Data:
■ ■ ■

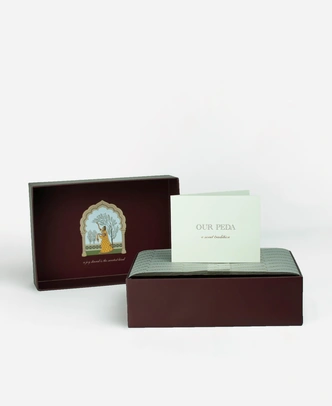 Inside a Ladoomail 6-piece peda gift box: the hand-drawn Ragini Vasanti artwork on the lid, a menu card, a personalised gift card and a butter paper seal.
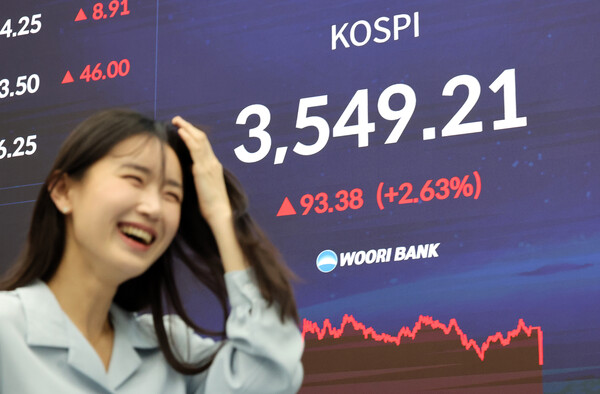 코스피가 사상 처음 3,500선을 돌파하며 종가 기준 역대 최고치인 3549.21로 마감한 2일 오후 서울 중구 우리은행 딜링룸에서 한 여성이 환하게 웃고 있다. 연합뉴스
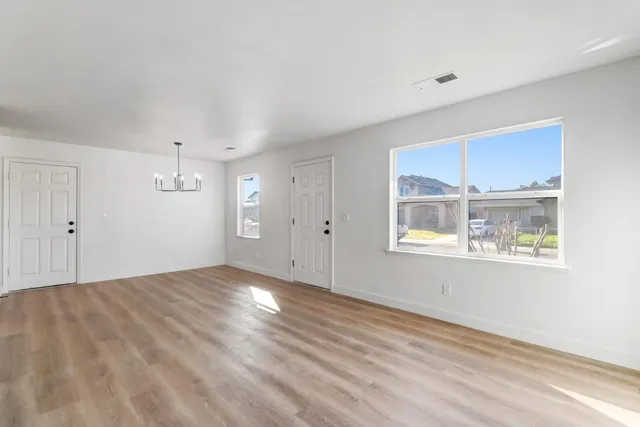a view of a pathway door with wooden fencing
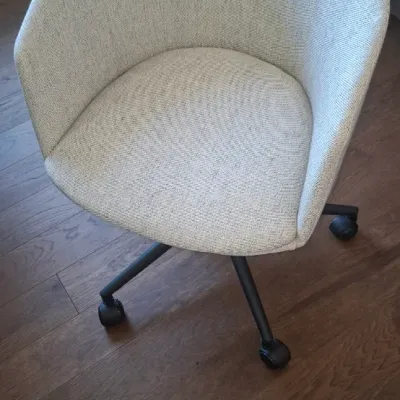 Sale Photo Thumbnail #12: Modern tub-style desk chair upholstered in light beige textured fabric, supported by a black metal four-star base on casters.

■ ■ ■

What is being asked: Copy all the material exactly; omit images.

Result below:
 Inside a Ladoomail 6-piece peda gift box: the hand-drawn Ragini Vasanti artwork on the lid, a menu card, a personalised gift card and a butter paper seal.
 코스피가 사상 처음 3,500선을 돌파하며 종가 기준 역대 최고치인 3549.21로 마감한 2일 오후 서울 중구 우리은행 딜링룸에서 한 여성이 환하게 웃고 있다. 연합뉴스
a view of a pathway door with wooden fencing
 Sale Photo Thumbnail #12: Modern tub-style desk chair upholstered in light beige textured fabric, supported by a black metal four-star base on casters.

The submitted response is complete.